*** Source information

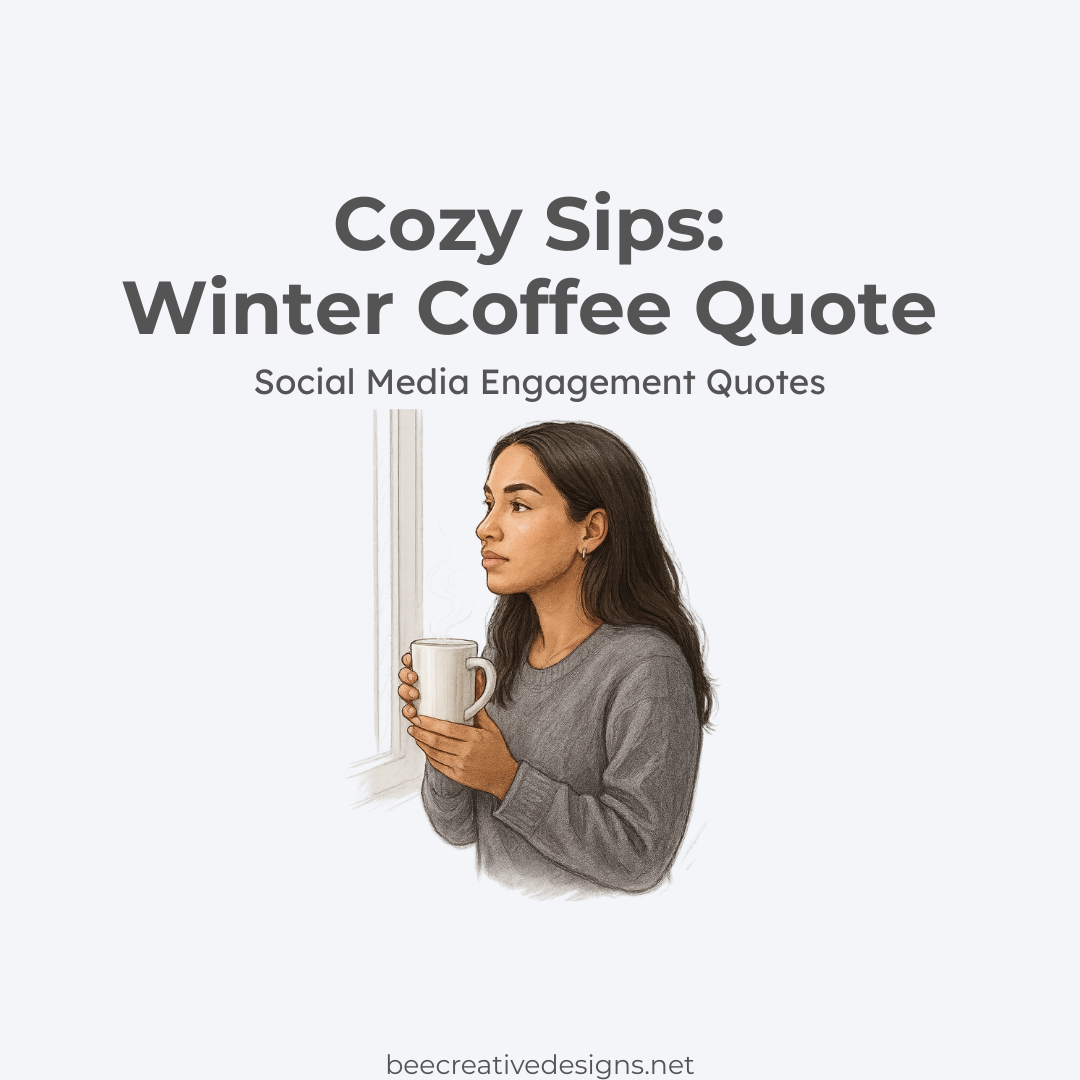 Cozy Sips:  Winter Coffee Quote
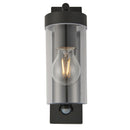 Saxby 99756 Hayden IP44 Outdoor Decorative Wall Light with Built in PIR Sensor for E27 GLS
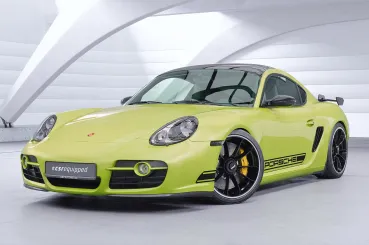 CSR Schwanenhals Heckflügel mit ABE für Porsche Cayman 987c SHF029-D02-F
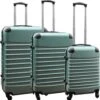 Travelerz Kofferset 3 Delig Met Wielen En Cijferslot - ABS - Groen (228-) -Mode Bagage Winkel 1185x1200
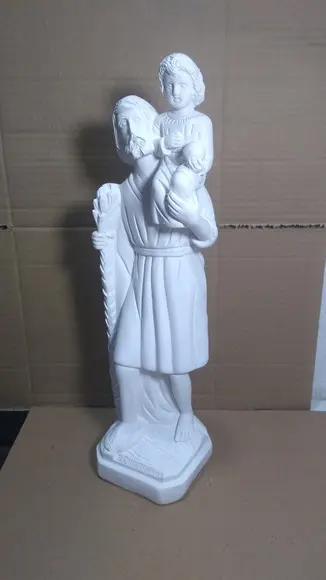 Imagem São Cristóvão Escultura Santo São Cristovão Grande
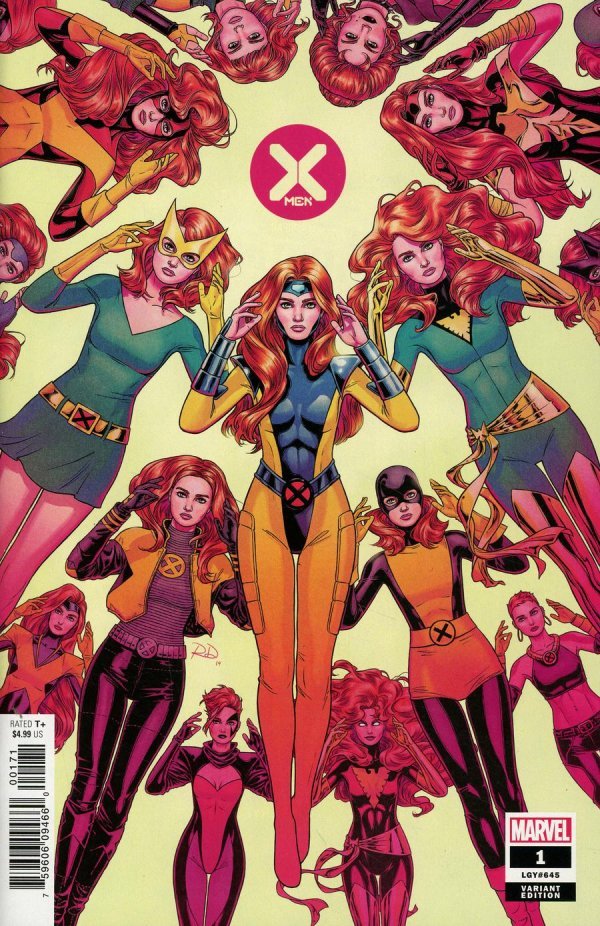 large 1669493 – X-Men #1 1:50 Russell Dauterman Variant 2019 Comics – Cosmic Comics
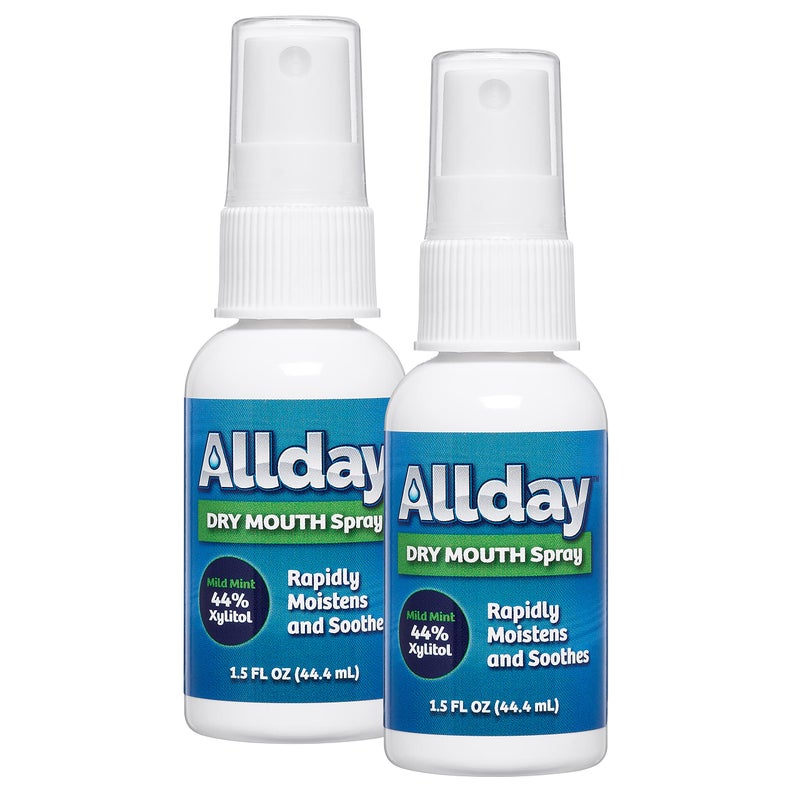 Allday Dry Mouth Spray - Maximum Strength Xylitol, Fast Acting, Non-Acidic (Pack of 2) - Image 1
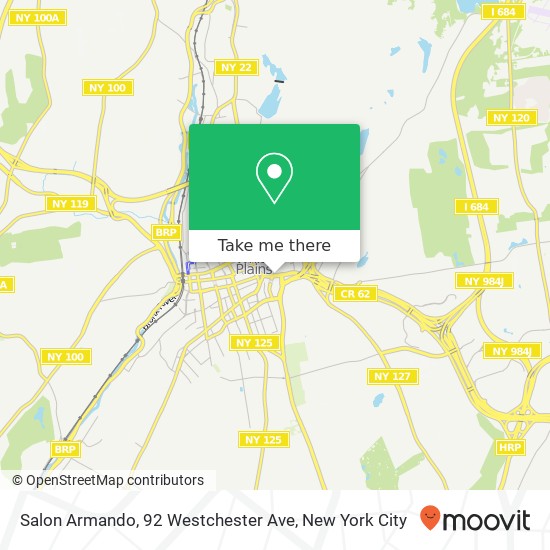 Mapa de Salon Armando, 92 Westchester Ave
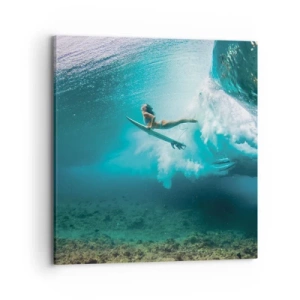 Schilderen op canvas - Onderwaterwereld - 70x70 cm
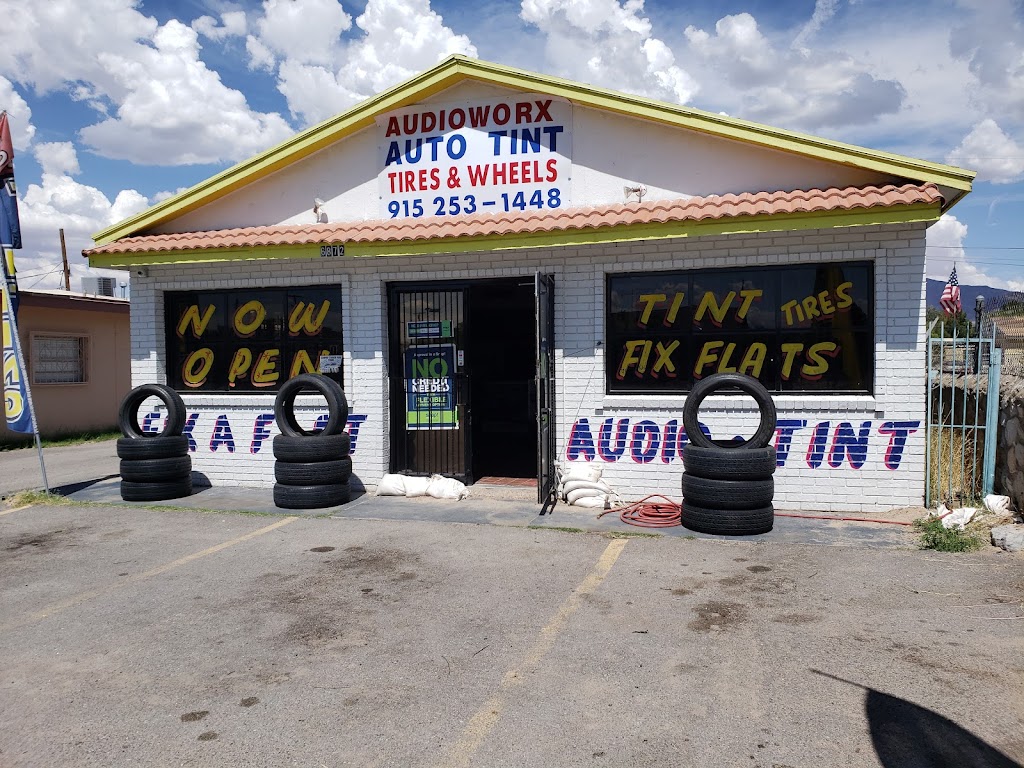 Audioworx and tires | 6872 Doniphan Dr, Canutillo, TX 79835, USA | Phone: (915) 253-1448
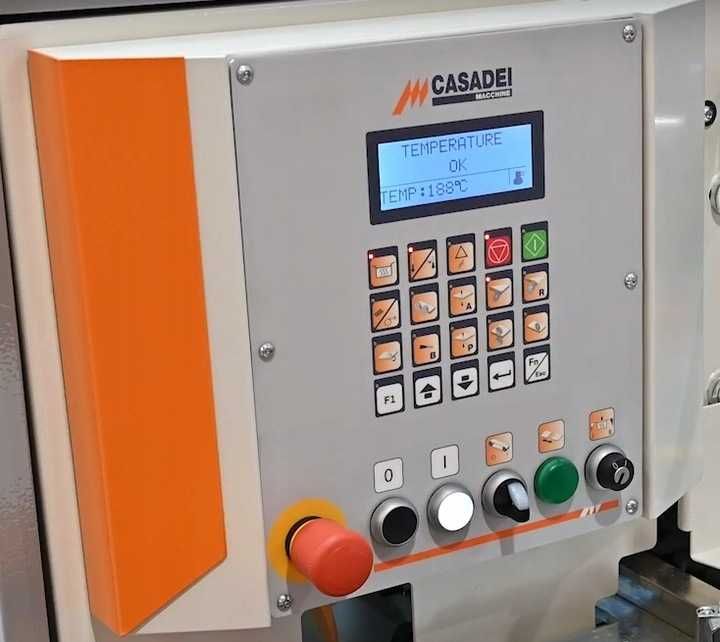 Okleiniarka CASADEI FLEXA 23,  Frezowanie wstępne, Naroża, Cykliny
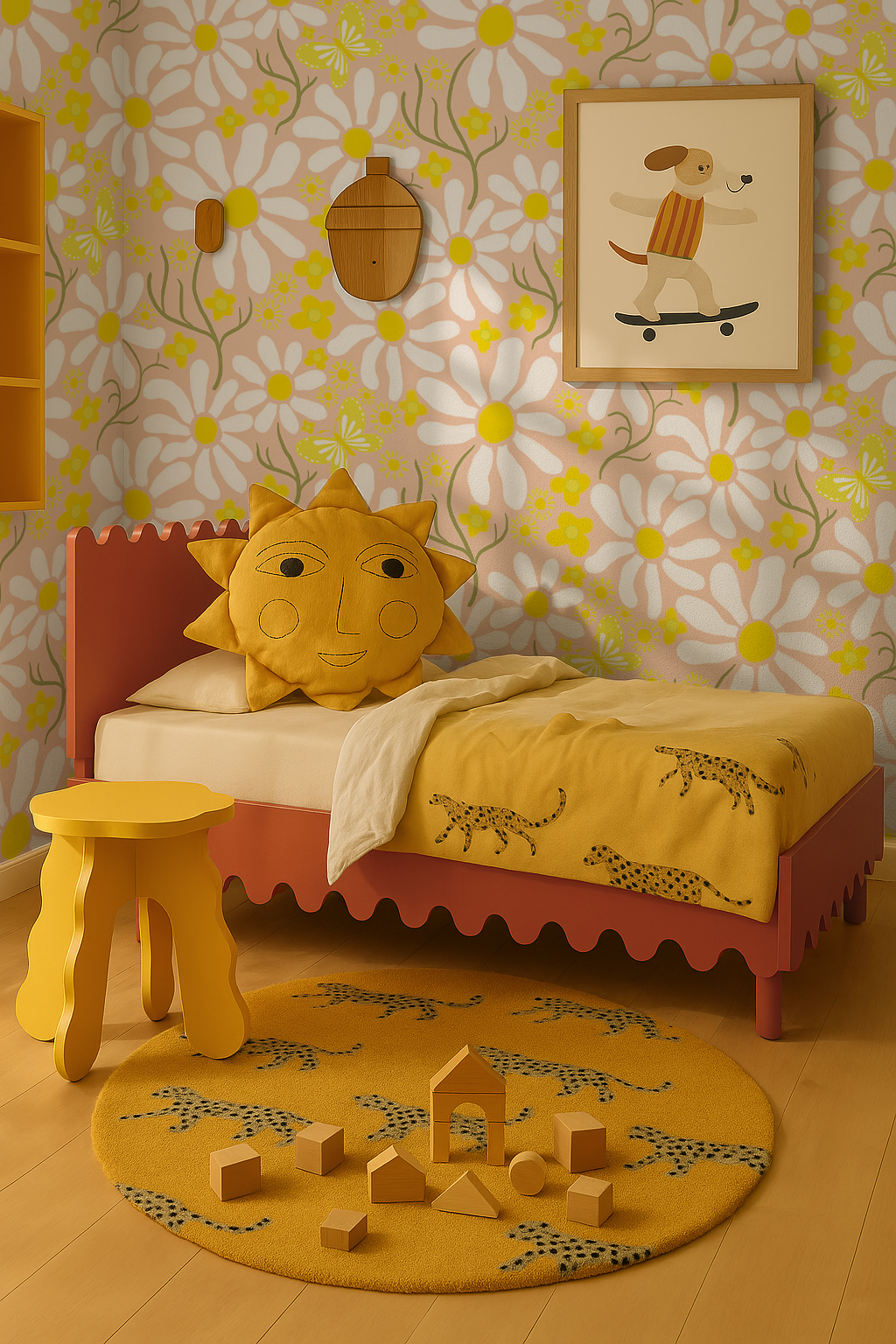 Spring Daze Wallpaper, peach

******

Task prompt - Everything above from the line with "CSR Schwanenhals Heckflügel" through the line with "large 1669493 –" should be retyped exactly, and nothing else; omit pictures.

Solution for this exercise -
 CSR Schwanenhals Heckflügel mit ABE für Porsche Cayman 987c SHF029-D02-F
 Travelerz Kofferset 3 Delig Met Wielen En Cijferslot - ABS - Groen (228-) -Mode Bagage Winkel 1185x1200
 Imagem São Cristóvão Escultura Santo São Cristovão Grande
 large 1669493 – X-Men #1 1:50 Russell Dauterman Variant 2019 Comics – Cosmic Comics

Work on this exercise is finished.